Greenhouse owner trademarks 'flower truck'
In 2008, local greenhouse owner Angie Olsen purchased a rusted, 1950s-era Ford truck at an antique tractor show.
She set it up outside her business, Angie’s Greenhouse in Columbia Falls, and planted flowers throughout the truck and surrounding it. A friend helped her paint the business name, phone number and some flowers on the side.
It became a logo for her greenhouse — in her branding, but also a physical sculpture unique to her business. She even sold a few merchandise items, T-shirts and sweatshirts with the image of the truck on them.
People complimented her on the creative reappropriation of an old truck, and many took photos. Within a few years of buying the truck, it began making appearances on T-shirts, birthday cards and puzzles in mainstream stores.
She had never expected it to become so popular, and while seeing her flower-truck creation being recognized and picked up by so many different companies should have given her a sense of pride in her artistic expression, there was one problem. No one had ever asked her permission to use the image of her truck.
“I always thought it was neat but I didn’t think it was cool enough that people would want to take photos to sell,” Olsen said.
Olsen didn’t even know that there were images of her truck out there being used for commercial purposes until a tourist recognized the truck from a puzzle he had purchased at Barnes and Noble.
Olsen was in a state of disbelief. At first she assumed it must have been a different truck that he had been talking about — she hadn’t been the first person to take an old vehicle and fill it with flowers — but sure enough when he pulled it up on Amazon for her, there it was. It was the image of her truck complete with “Angie’s Greenhouse” and her business phone number on the side, broken down into 500 “large and easy to handle” puzzle pieces.
When she later saw a T-shirt with an image of her truck for sale at T.J. Maxx, it became apparent that she needed to protect the image of her truck in some way.

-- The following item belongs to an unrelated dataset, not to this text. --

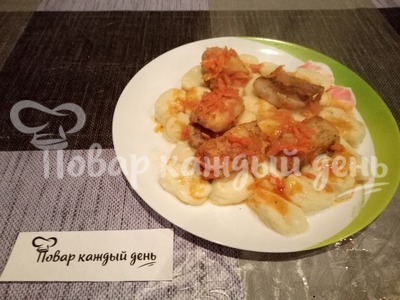 Толстолобик в томатном соусе с картофельными клёцками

“Even if people would have just come in and asked it would have been different,” she said, “but they never did.”
She started going through the process of registering her truck with the U.S. Patent and Trademark Office. On the first try, her application was turned down. On the second try she succeeded, and as of last year, her truck is now a registered sculpture with the trademark office and is protected by multiple copyrights.

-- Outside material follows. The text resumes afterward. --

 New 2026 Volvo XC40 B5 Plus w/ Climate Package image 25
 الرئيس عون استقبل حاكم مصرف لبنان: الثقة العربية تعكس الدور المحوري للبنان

Registering the flower truck will make it very challenging for anyone else to use the image in the future, Olsen said, but for the products that are already out there it does little to keep them from being sold.
A quick search on Amazon for “flower truck puzzle” will still bring up multiple products with images of Olsen’s truck.
After talking it through with one puzzle company, they agreed to send Olsen 150 puzzles in exchange for her permission to keep making them, but an agreement has yet to be made with several of the other companies.
Olsen was frustrated to find that one company had even altered the text on the side of the truck to say “Laura’s Greenhouse.”
The company that made the first puzzle Olsen discovered, after a tourist had shown it to her, has since quit making them, though the puzzle itself is still for sale online.
Angie Olsen first opened her greenhouse more than 20 years ago as a wholesale operation — selling to local stores, including the old Gary and Leo’s in Columbia Falls.
After being diagnosed with breast cancer in October 2007, Olsen closed her wholesale greenhouse in Whitefish and later opened her retail location at 1722 Ninth St. W. Columbia Falls.
She now enjoys finding new and creative ways to display her flowers, though she says she wasn’t always into gardening. In fact in high school, she hated it. It wasn’t until her father forced her into joining Future Farmers of America that she discovered she actually enjoyed it.
She became interested in horticulture and went to school for a couple years before getting married, when she opened her wholesale business. She’s now been married for 24 years and has five children.
Over the years, the truck was far from the only unique flower display that Olsen has created.
Every year since 2012, Olsen has created a new display for the various parade floats, including the Kalispell parades, the Columbia Falls Night of Lights and Heritage Days. She’s used old Volkswagens, tractors and trucks, some of which now act as displays at her greenhouse.
An old, rainbow-colored VW Bug sits at the back of the outdoor greenhouse, sunken in asphalt — her husband’s idea, Olsen said. She added a tire wall behind the Bug, and she plants flowers inside the tires.
Some of the vehicles she found on her property, a third-generation farm that was her family’s original homestead.
Olsen said she enjoys being creative, doing projects like filling a boat with water to create a pond for an aquatic plant display.
“I just like to think outside the box,” Olsen said.
Olsen won multiple trophies for her creative float displays, which she now proudly displays in her store. Next to her trophies, she also has several images of her truck that artists and photographers have given her over the years. One year, the senior center gave her a framed copy of one of the puzzles with her truck on it — not knowing about the controversy. That, too, hangs on the wall of her store.